Check if any etcd alarms are set for etcd clusters in the services namespace.
for pod in $(kubectl get pods -l etcd_cluster=cray-bos-etcd \
-n services -o jsonpath='{.items[*].metadata.name}')
do
echo "### ${pod} Alarms Set: ###"
kubectl -n services exec ${pod} -c etcd -- /bin/sh -c "ETCDCTL_API=3 etcdctl alarm list"
done
Example output:
### cray-bos-etcd-7cxq6qrhz5 Alarms Set: ###
### cray-bos-etcd-b9m4k5qfrd Alarms Set: ###
### cray-bos-etcd-tnpv8x6cxv Alarms Set: ###
### cray-bss-etcd-q4k54rbbfj Alarms Set: ###
### cray-bss-etcd-r75mlv6ffd Alarms Set: ###
### cray-bss-etcd-xprv5ht5d4 Alarms Set: ###
### cray-cps-etcd-8hpztfkjdp Alarms Set: ###
### cray-cps-etcd-fp4kfsf799 Alarms Set: ###
### cray-cps-etcd-g6gz9vmmdn Alarms Set: ###
### cray-crus-etcd-6z9zskl6cr Alarms Set: ###
### cray-crus-etcd-krp255f97q Alarms Set: ###
### cray-crus-etcd-tpclqfln67 Alarms Set: ###
[...]
Check if any etcd alarms are set for a particular etcd cluster in the services namespace.
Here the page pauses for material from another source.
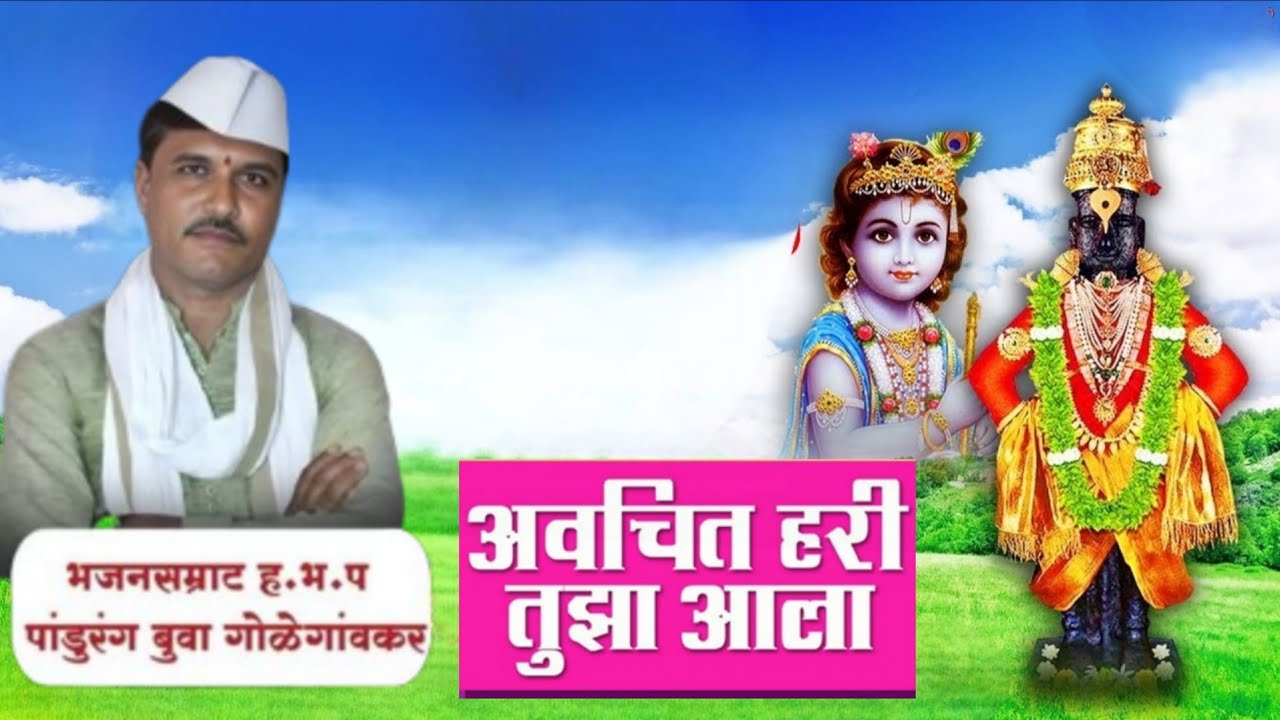अवचीत तुझा हरी आला ग बाई बाई..... पांडुरंग महाराज गोळेगावकर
for pod in $(kubectl get pods -l etcd_cluster=cray-bos-etcd \
-n services -o jsonpath='{.items[*].metadata.name}')
do
echo "### ${pod} Alarms Set: ###"
kubectl -n services exec ${pod} -c etcd -- /bin/sh -c "ETCDCTL_API=3 etcdctl alarm list"
done
Example output:
### cray-bos-etcd-7cxq6qrhz5 Alarms Set: ###
### cray-bos-etcd-b9m4k5qfrd Alarms Set: ###
### cray-bos-etcd-tnpv8x6cxv Alarms Set: ###
(ncn-mw#
) Clear any etcd cluster alarms.
A list of disarmed alarms will be returned. An empty list is returned if no alarms were set.
Clear all etcd alarms set in etcd clusters.
for pod in $(kubectl get pods -l app=etcd -n services \
-o jsonpath='{.items[*].metadata.name}')
do
echo "### ${pod} Disarmed Alarms: ###"
kubectl -n services exec ${pod} -c etcd -- /bin/sh -c "ETCDCTL_API=3 etcdctl alarm disarm"
done
Example output:
### cray-bos-etcd-7cxq6qrhz5 Disarmed Alarms: ###
### cray-bos-etcd-b9m4k5qfrd Disarmed Alarms: ###
### cray-bos-etcd-tnpv8x6cxv Disarmed Alarms: ###
### cray-bss-etcd-q4k54rbbfj Disarmed Alarms: ###
### cray-bss-etcd-r75mlv6ffd Disarmed Alarms: ###
### cray-bss-etcd-xprv5ht5d4 Disarmed Alarms: ###
### cray-cps-etcd-8hpztfkjdp Disarmed Alarms: ###
### cray-cps-etcd-fp4kfsf799 Disarmed Alarms: ###
[...]
Clear all alarms in one particular etcd cluster.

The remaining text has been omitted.